◆ **Your goal**: Pictures aside, each entry has to be returned exactly as it stands.

****

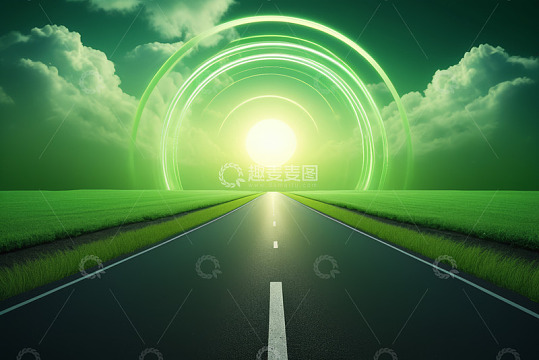 绿色道路通向发光圆环景观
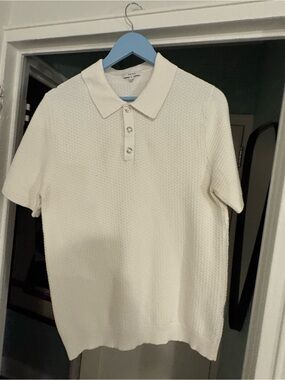 Reiss Cream Short-Sleeve Knit Polo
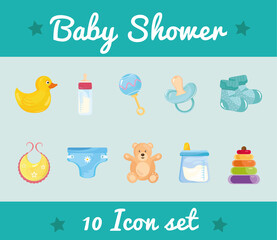 bundle of ten baby shower set icons and lettering vector illustration design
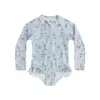 Maiô fofo para meninas, roupa de banho infantil estilo floral, manga longa, anticloro, protetor solar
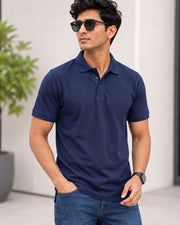 Men's Solid Polo Collar T-Shirt — Navy Blue — Thumbnail 6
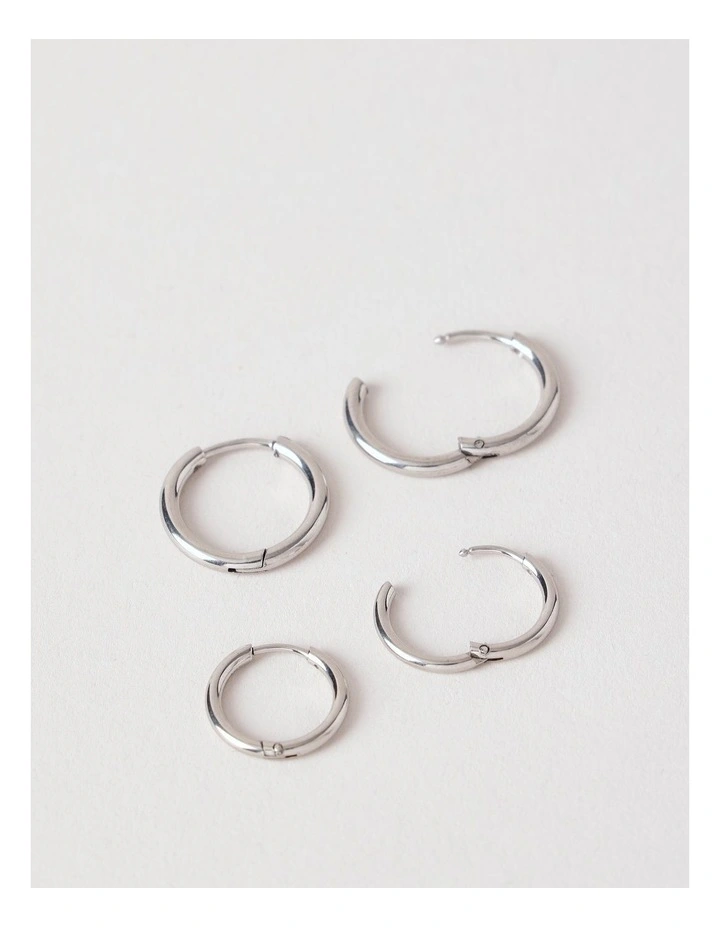 Sleeper 2PK Earrings in Silver image 2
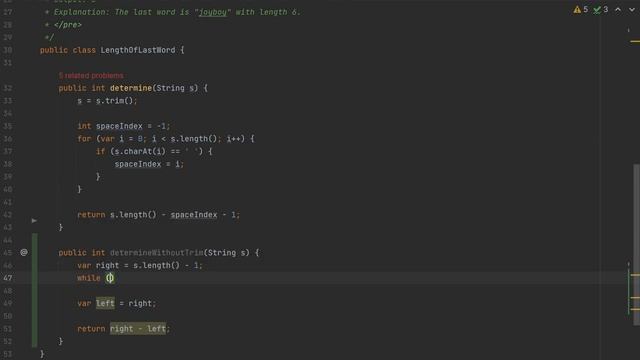Длина последнего слова в строке (3 решения) (leetcode) смотреть онлайн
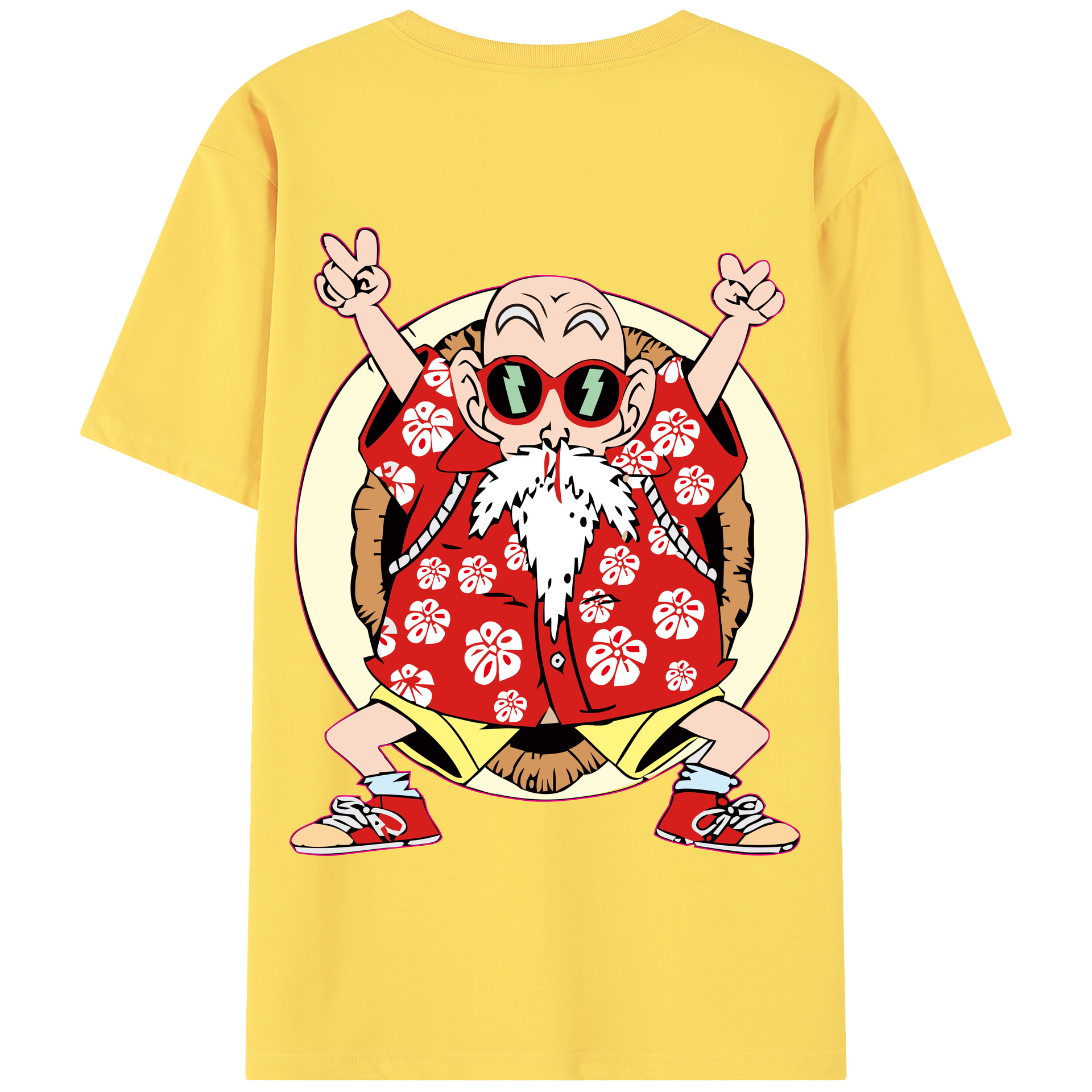 （画像用） ドラゴンボール 亀仙人（かめせんにん） DRAGON BALL Master Roshi Kame Sennin 綿100％半袖Tシャツ（背面プリント）
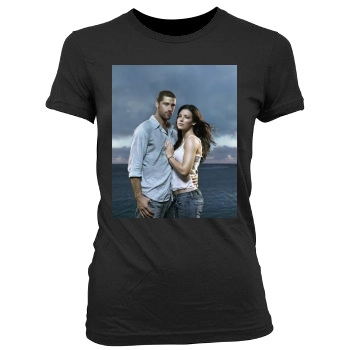 Evangeline Lilly Women's Junior Cut Crewneck T-Shirt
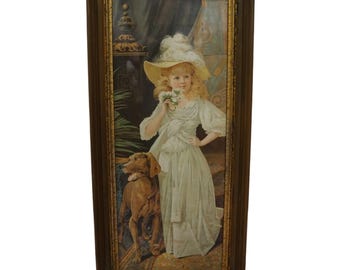 Antique Victorian Chromolithograph Print Girl with Dog Gilt Wood Frame 11x23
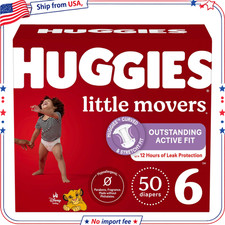 Huggies Little Movers Baby Diapers, Size 6 35 lbs , 50 Count
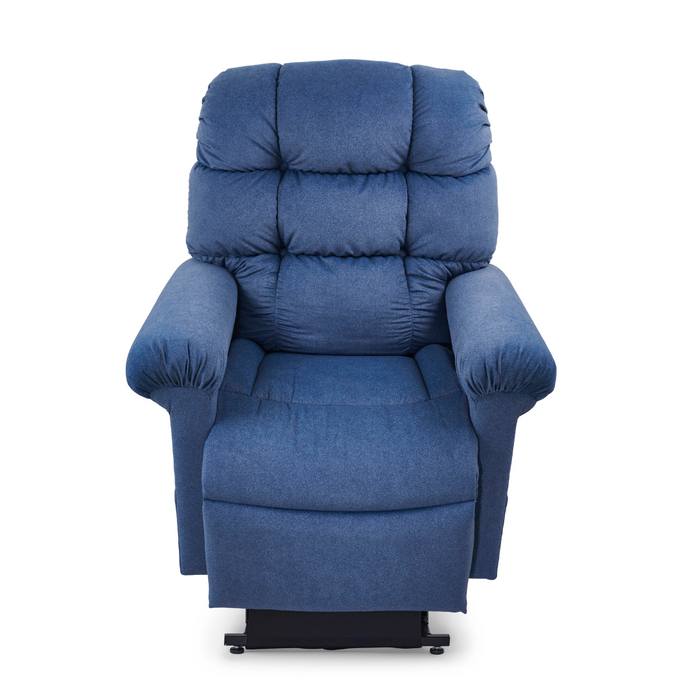 The Golden Tech PR515 Cloud Recliner offers lift assist, ZG+, and Twilight Technology. Available in blue, it features soft upholstery and padded armrests. It boasts a tufted backrest, ergonomic support seat cushion, and a sleek black base. Suitable for small to medium sizes.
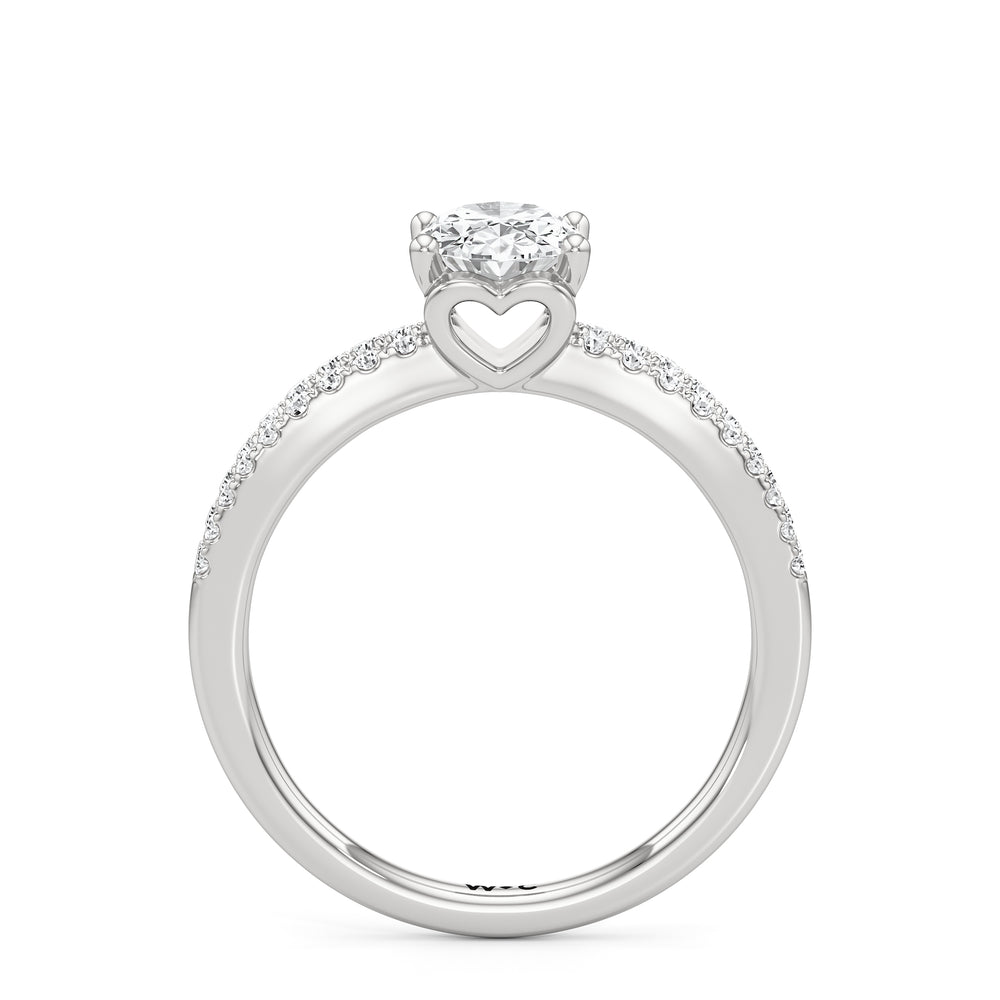 The Phoebe Engagement Ring with Oval Cut Diamond in 14KT Platinum view 2
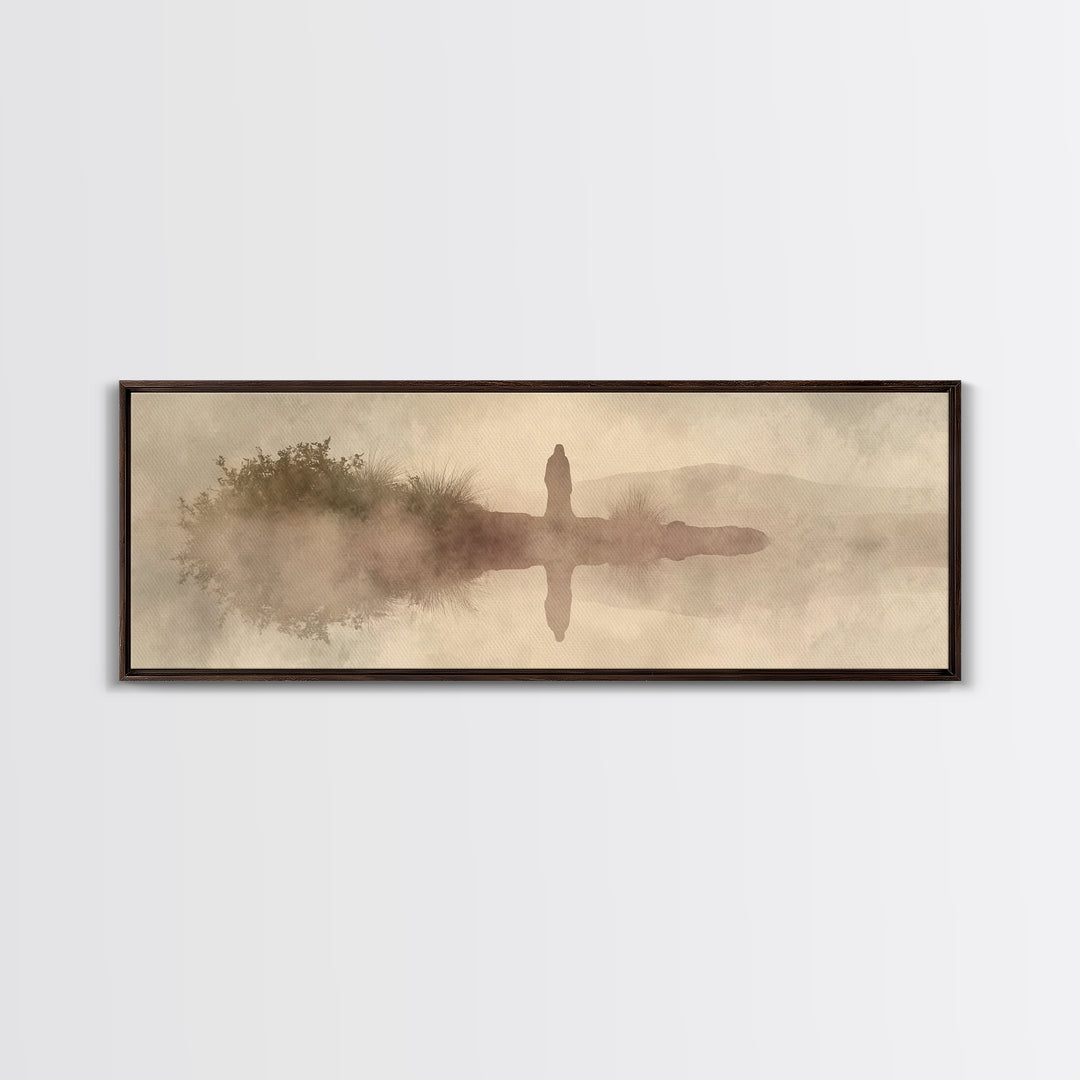 Horizon Of Light | Framed Canvas Print | Panoramic Art | Christian Art Canvas | Jesus Painting | Christian Wall Art | Christmas Art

****

◆ **Task response**:
 绿色道路通向发光圆环景观
 Reiss Cream Short-Sleeve Knit Polo
 bundle of ten baby shower set icons and lettering vector illustration design
 Maiô fofo para meninas, roupa de banho infantil estilo floral, manga longa, anticloro, protetor solar
 Men's Solid Polo Collar T-Shirt — Navy Blue — Thumbnail 6
 Sleeper 2PK Earrings in Silver image 2
Длина последнего слова в строке (3 решения) (leetcode) смотреть онлайн
 （画像用） ドラゴンボール 亀仙人（かめせんにん） DRAGON BALL Master Roshi Kame Sennin 綿100％半袖Tシャツ（背面プリント）
 Evangeline Lilly Women's Junior Cut Crewneck T-Shirt
 Antique Victorian Chromolithograph Print Girl with Dog Gilt Wood Frame 11x23
 Huggies Little Movers Baby Diapers, Size 6 35 lbs , 50 Count
 The Golden Tech PR515 Cloud Recliner offers lift assist, ZG+, and Twilight Technology. Available in blue, it features soft upholstery and padded armrests. It boasts a tufted backrest, ergonomic support seat cushion, and a sleek black base. Suitable for small to medium sizes.
 The Phoebe Engagement Ring with Oval Cut Diamond in 14KT Platinum view 2
 Horizon Of Light | Framed Canvas Print | Panoramic Art | Christian Art Canvas | Jesus Painting | Christian Wall Art | Christmas Art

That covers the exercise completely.